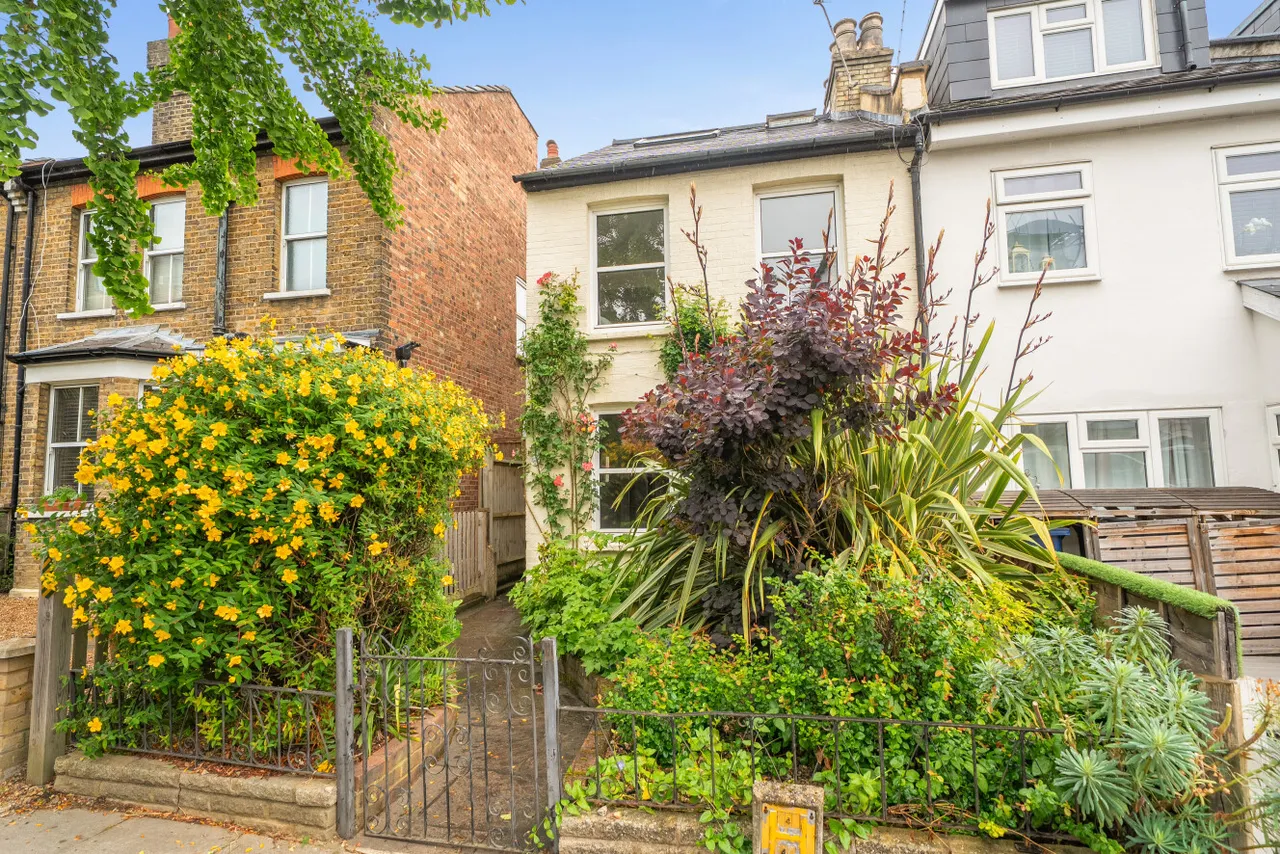 3 bed house for sale — Finchley Park, London, N12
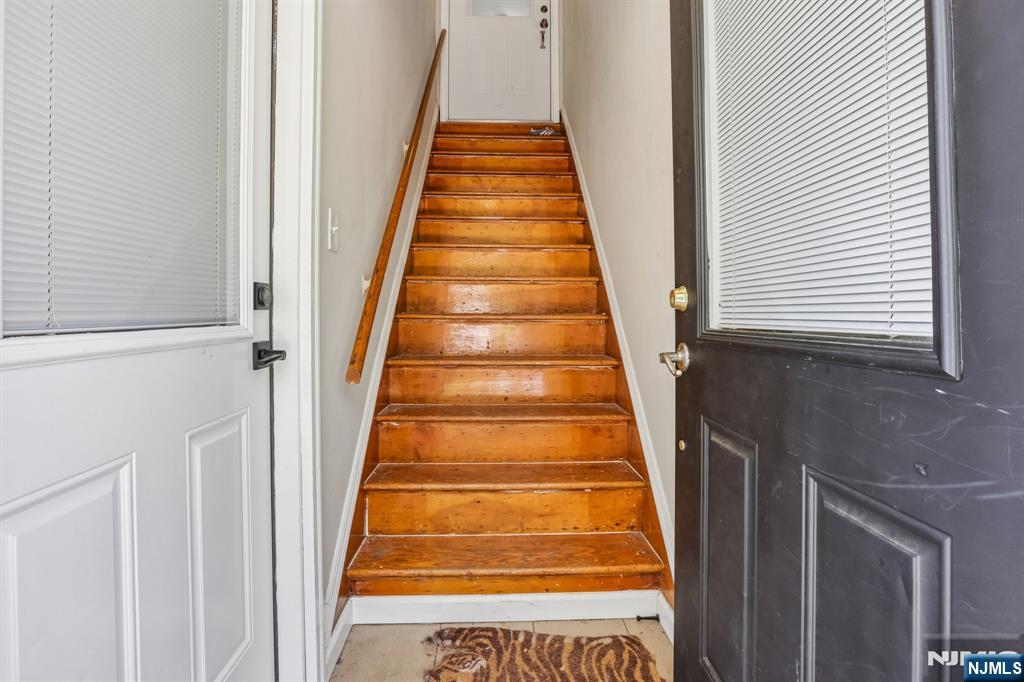 481 Macarthur Avenue 2 - Photo 3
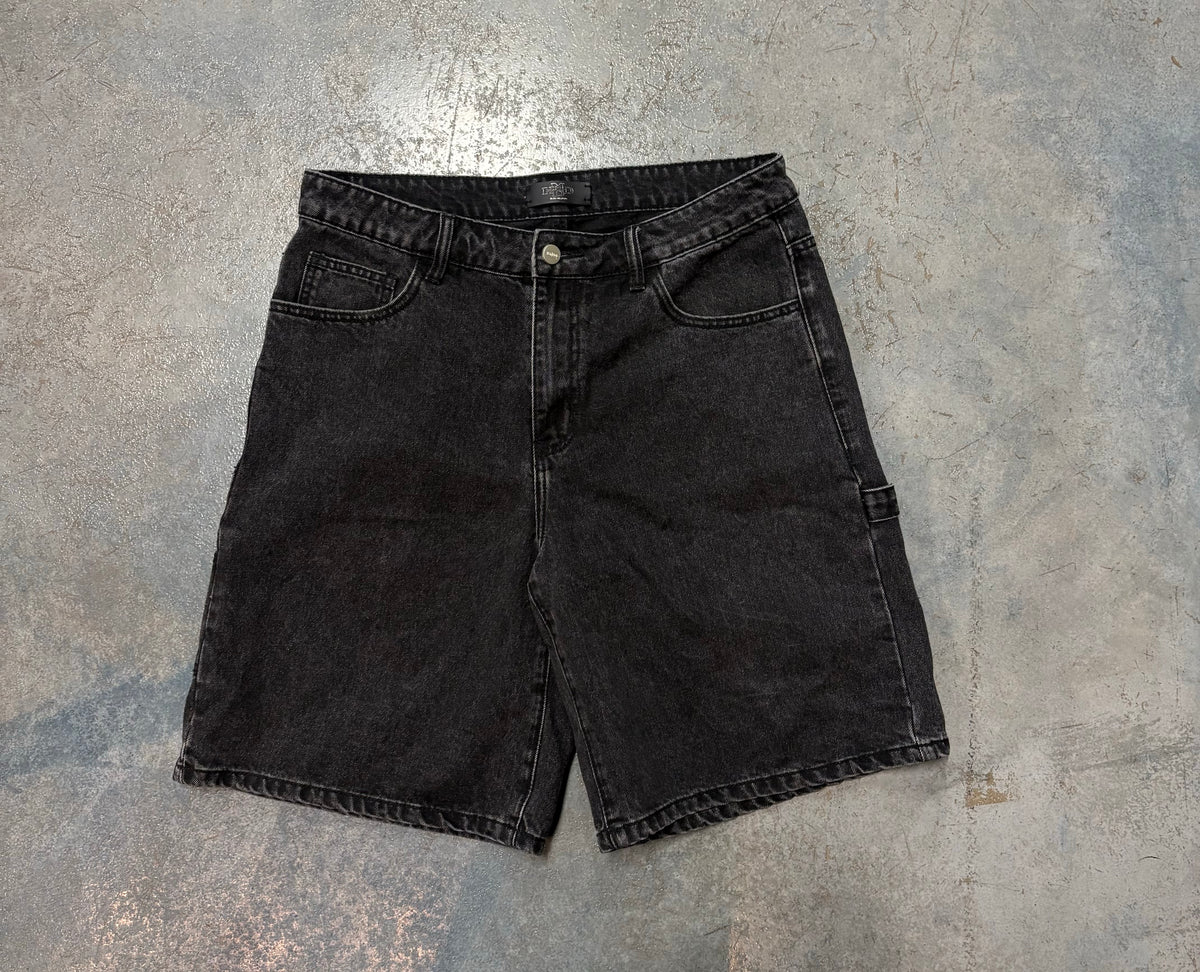 HMDD Barbed Wire Black Jorts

■ Task item: Each line of the listing above must be given again exactly; the pictures are to be left out.

■ Solution below:
 3 bed house for sale — Finchley Park, London, N12
 481 Macarthur Avenue 2 - Photo 3
 HMDD Barbed Wire Black Jorts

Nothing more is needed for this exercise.